• [Exercise details]: A word-for-word copy of the lines below, starting at the line with "BMW 3 Serie" and ending at the last one, is what you should give. Omit every picture.

• [Given material]:
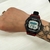 Reloj digital rojo y negro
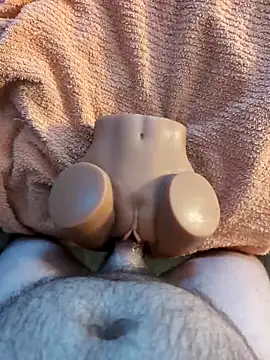 MrandMrsHaze online show from December 2025 04:05:01 PM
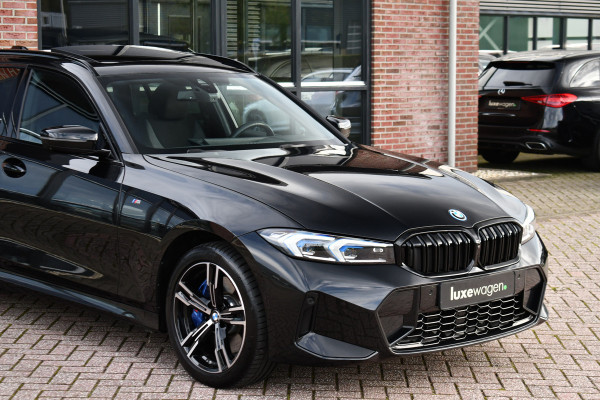 BMW 3 Serie Touring 330e xDrive LCI-2 Pano El-zetels HUD 360-cam Trekhaak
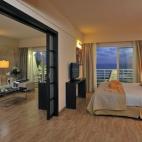 MÁS INFORMACIÓN: - Página web del hotel. - Ficha de Booking. - Opiniones y mejores precios en Tripadvisor. Dirección: Urbanización Novo Sancti Petri, 11130 Novo Sancti Petri, España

• [Written solution]:
 BMW 3 Serie Touring 330e xDrive LCI-2 Pano El-zetels HUD 360-cam Trekhaak
 MÁS INFORMACIÓN: - Página web del hotel. - Ficha de Booking. - Opiniones y mejores precios en Tripadvisor. Dirección: Urbanización Novo Sancti Petri, 11130 Novo Sancti Petri, España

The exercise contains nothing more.